27.5.1 Information About Each Character
The syntax table entry for a character is a number that encodes six
pieces of information:
- The syntactic class of the character, represented as a small integer
- The matching delimiter, for delimiter characters only
(the matching delimiter of ‘(’ is ‘)’, and vice versa)
- A flag saying whether the character is the first character of a
two-character comment starting sequence
- A flag saying whether the character is the second character of a
two-character comment starting sequence
- A flag saying whether the character is the first character of a
two-character comment ending sequence
- A flag saying whether the character is the second character of a
two-character comment ending sequence
The syntactic classes are stored internally as small integers, but are
usually described to or by the user with characters. For example, ‘(’
is used to specify the syntactic class of opening delimiters. Here is a
table of syntactic classes, with the characters that specify them.
- ‘-’
- The class of whitespace characters.

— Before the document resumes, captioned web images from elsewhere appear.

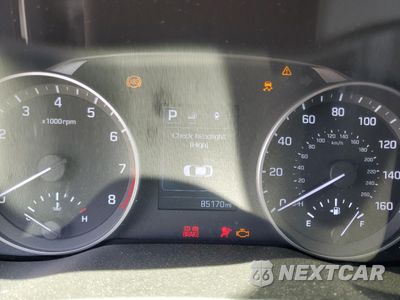 Zdjęcie 9 z 14 samochodu: 2018 HYUNDAI ELANTRA SEL VIN:5NPD84LF2JH377175 - miniatura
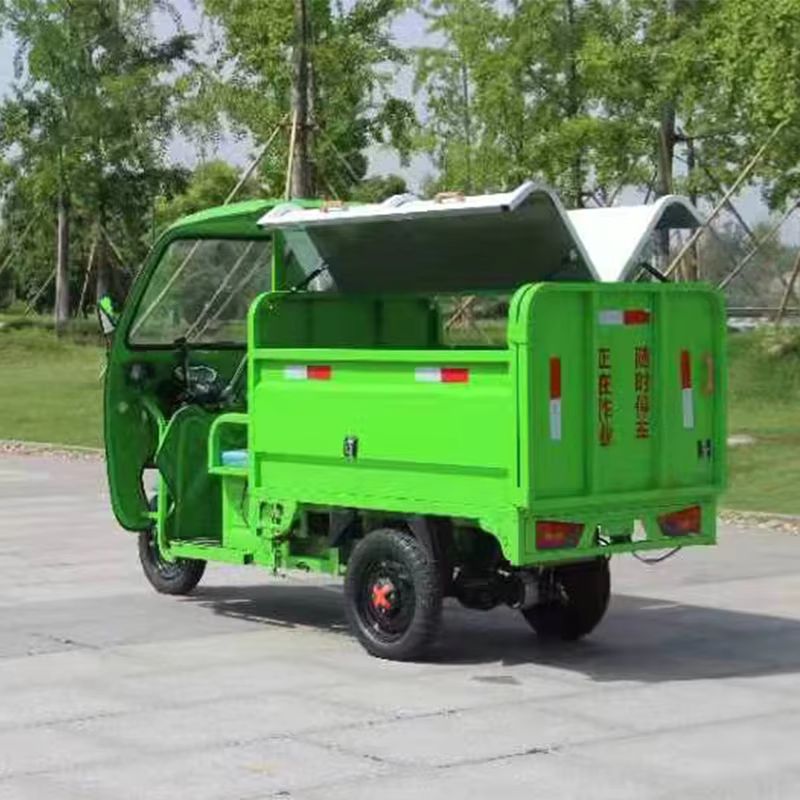 Electric Three-Wheeled Sanitation Truck for Efficient Waste Management 3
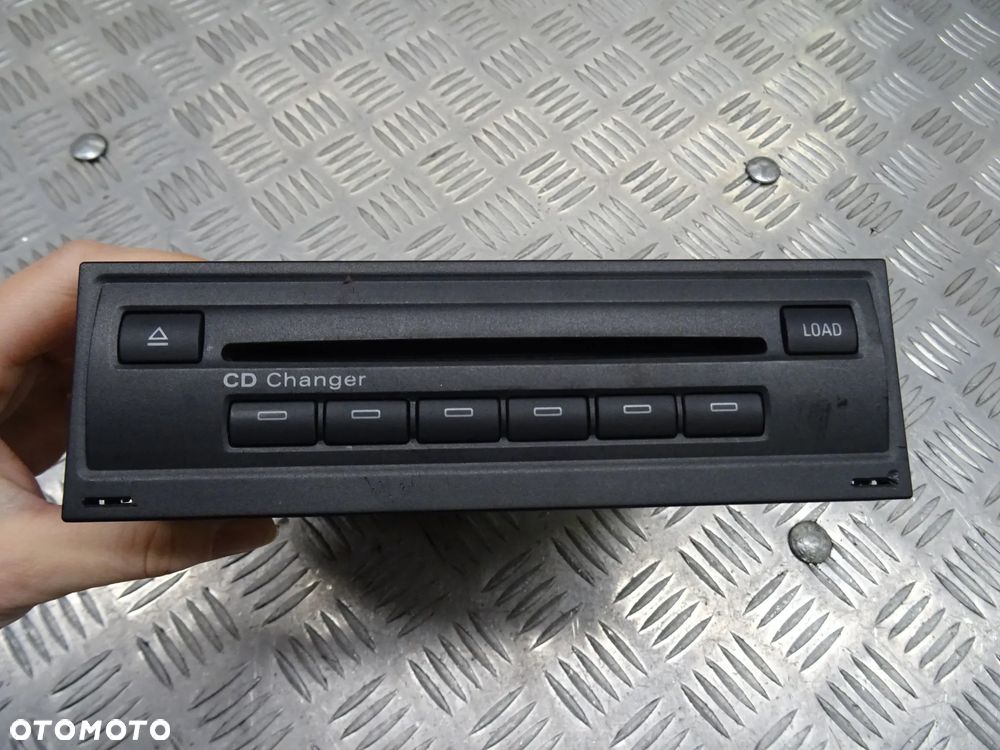 AUDI A6 C6 KOMBI 04-07 4.2 V8 ZMIENIARKA CD 4E0035111A - 1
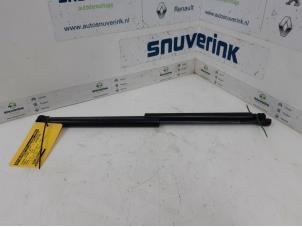 Used Set of tailgate gas struts Renault Twingo III (AH) 0.9 Energy TCE 90 12V Price € 42,35 Inclusive VAT offered by Snuverink Autodemontage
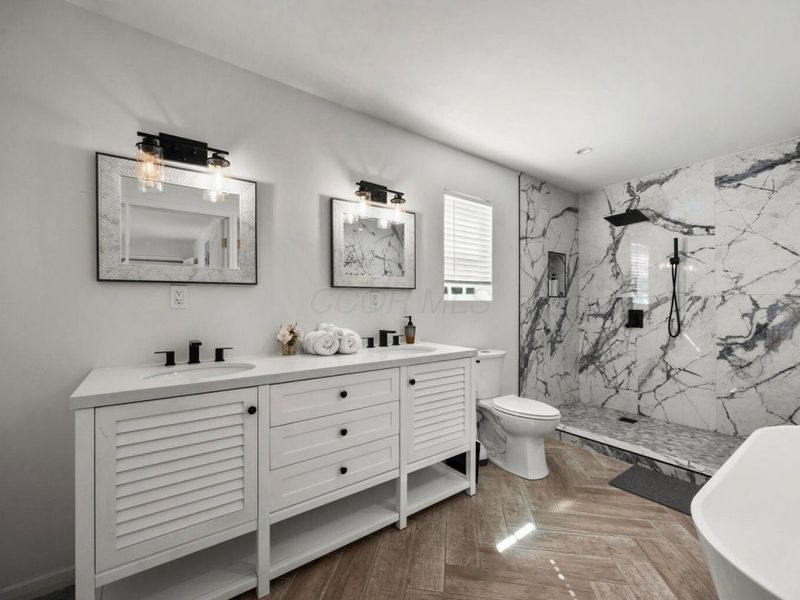 4677 E Livingston Avenue, Columbus, OH 43227 Photo 16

Please don't use the formerly
advertised , which is not supported by GNU Emacs.
- ‘w’
- The class of word-constituent characters.
- ‘_’
- The class of characters that are part of symbol names but not words.

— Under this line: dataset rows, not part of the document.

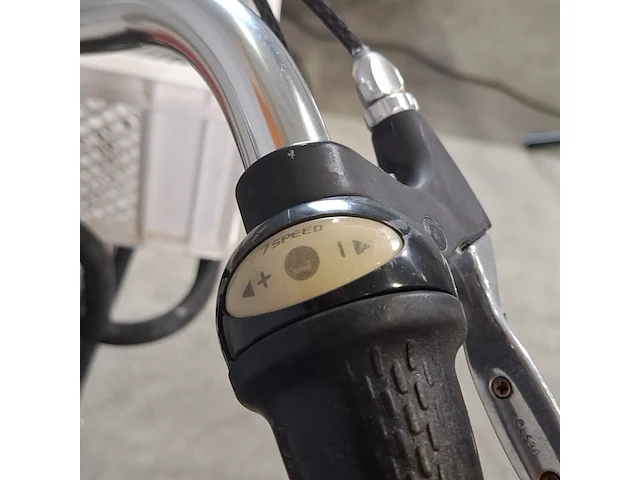 Damesfiets, giant, triple x - afbeelding 12 van  13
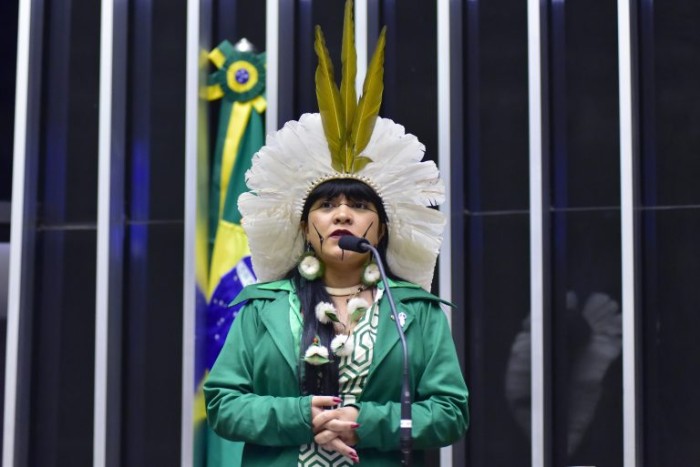 Indígenas classificam marco temporal de genocídio e protestam contra votação na Câmara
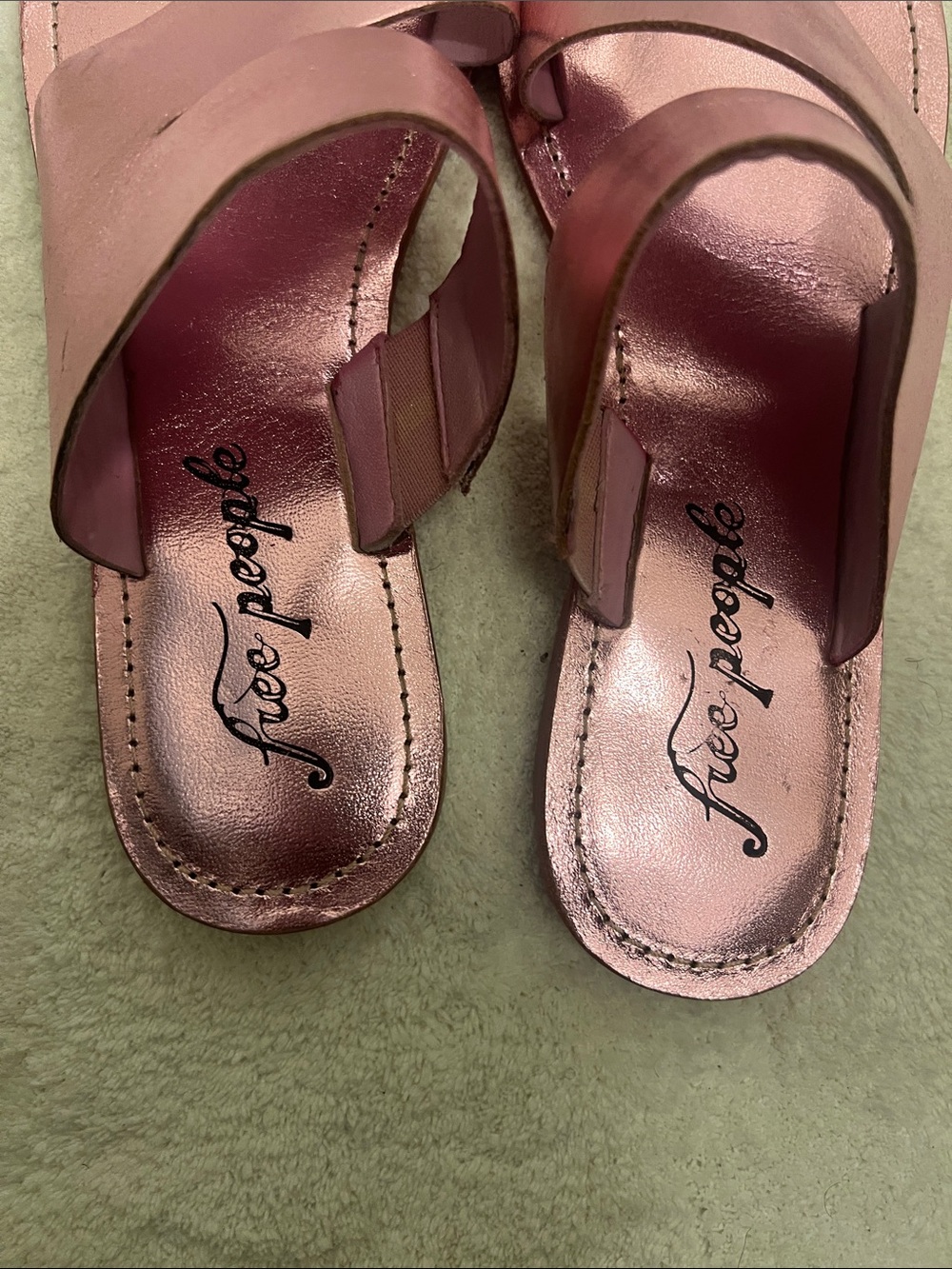 FREE PEOPLE Abilene Slides
Sandals PINK METALLIC LEATHER Toe Loop Flats 40/9 - Picture 2 of 5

This class is represented by ‘_’ because the character ‘_’
has this class in both C and Lisp.
- ‘.’
- The class of punctuation characters that do not fit into any other
special class.
- ‘(’
- The class of opening delimiters.
- ‘)’
- The class of closing delimiters.
- ‘'’
- The class of expression-adhering characters. These characters are
part of a symbol if found within or adjacent to one, and are part
of a following expression if immediately preceding one, but are like
whitespace if surrounded by whitespace.
- ‘"’
- The class of string-quote characters. They match each other in pairs,
and the characters within the pair all lose their syntactic
significance except for the ‘\’ and ‘/’ classes of escape
characters, which can be used to include a string-quote inside the
string.
- ‘$’
- The class of self-matching delimiters. This is intended for TeX's
‘$’, which is used both to enter and leave math mode. Thus,
a pair of matching ‘$’ characters surround each piece of math mode
TeX input. A pair of adjacent ‘$’ characters act like a single
one for purposes of matching.
- ‘/’
- The class of escape characters that always just deny the following
character its special syntactic significance. The character after one
of these escapes is always treated as alphabetic.
- ‘\’
- The class of C-style escape characters. In practice, these are
treated just like ‘/’-class characters, because the extra
possibilities for C escapes (such as being followed by digits) have no
effect on where the containing expression ends.
- ‘<’
- The class of comment-starting characters. Only single-character
comment starters (such as ‘;’ in Lisp mode) are represented this
way.
- ‘>’
- The class of comment-ending characters. Newline has this syntax in
Lisp mode.
The characters flagged as part of two-character comment delimiters can
have other syntactic functions most of the time. For example, ‘/’ and
‘*’ in C code, when found separately, have nothing to do with
comments. The comment-delimiter significance overrides when the pair of
characters occur together in the proper order. Only the list and sexp
commands use the syntax table to find comments; the commands specifically
for comments have other variables that tell them where to find comments.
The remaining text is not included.